Today, let every man be dedicated.

And may we never cause shame

To our noble parents who lie beneath the earth

This heroic trope was famously expanded upon and turned inside-out by Plato in The Republic. In the dialogue Plato characterizes Socrates cynically comparing the state to a ship, one steered by a hearing-impaired, short-sighted and untrained captain, and manned by quarrelling ignorant sailors who all think they could do better – and also claim their right to do so. The sailors mutiny, intoxicate the captain, take possession of the ship, plunder the cargo and start drinking themselves. Plato plays on raising demand for competence by projecting a ‘true pilot’ who can take control of the chaotic situation:

‘but that the true pilot must pay attention to the year and seasons and sky and stars and winds, and whatever else belongs to his art, if he intends to be really qualified for the command of a ship, and that he must and will be the steerer, whether other people like or not – the possibility of this union of authority with the steerer’s art has never seriously entered into their thoughts or been made part of their calling.’

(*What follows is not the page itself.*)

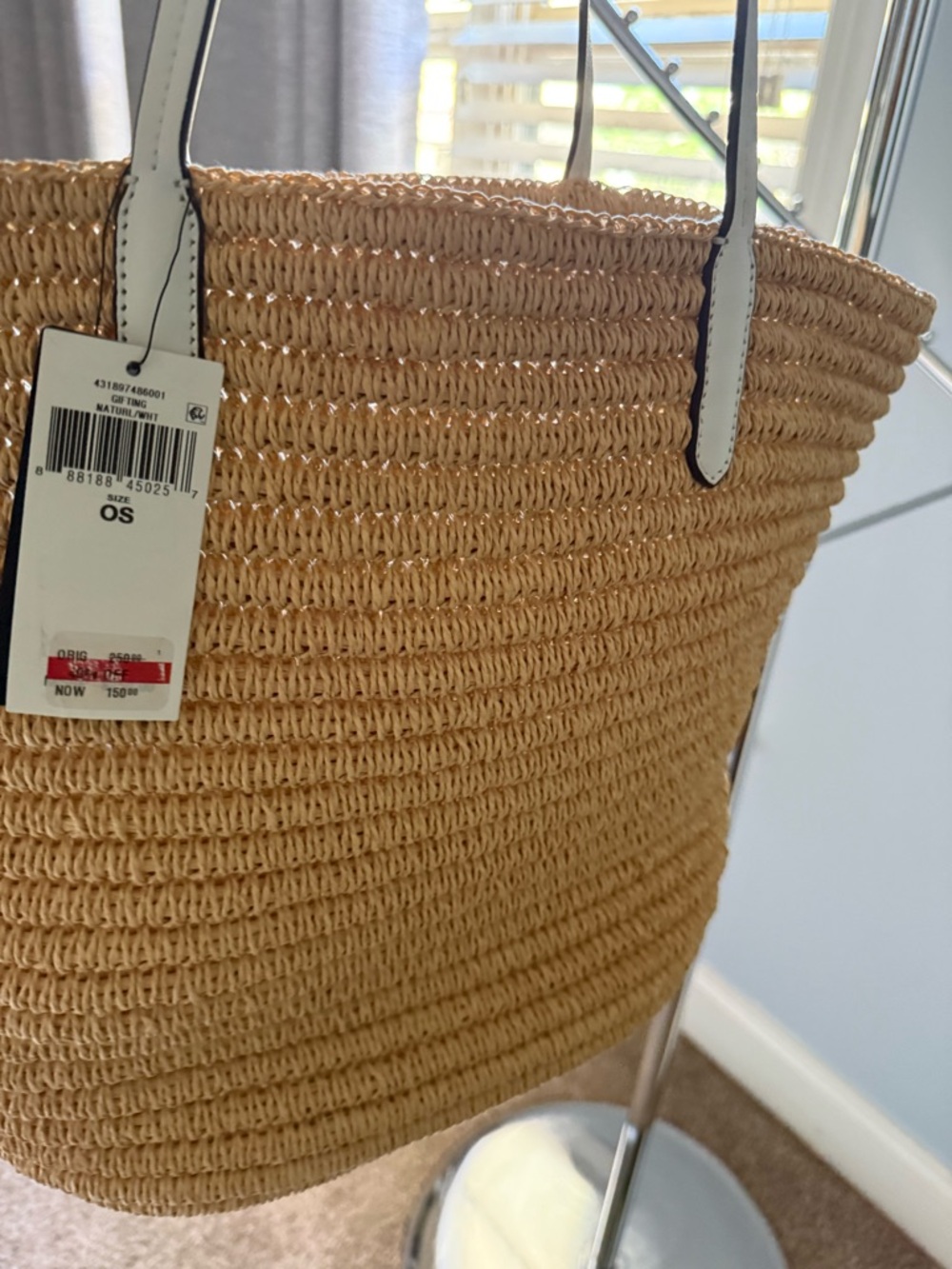 Ralph Lauren Beige Straw Tote with White Leather Trim. New with tags - Picture 4 of 4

The necessary emergence of competence and leadership embodied in a single person reveals Plato’s deep scepticism towards the efficiency of Greek democracy as a political institution. He presses the need for charismatic leadership to assume power from self-proclaimed but ignorant and selfish actors, and by a superior insight organizing them into a hierarchy led by the visionary. For Plato this seems to be the only solution to prevent private interest plundering the common good and wrecking the entire system, including the perpetrators themselves. The visionary has to use all available means to tame the fools and save the community.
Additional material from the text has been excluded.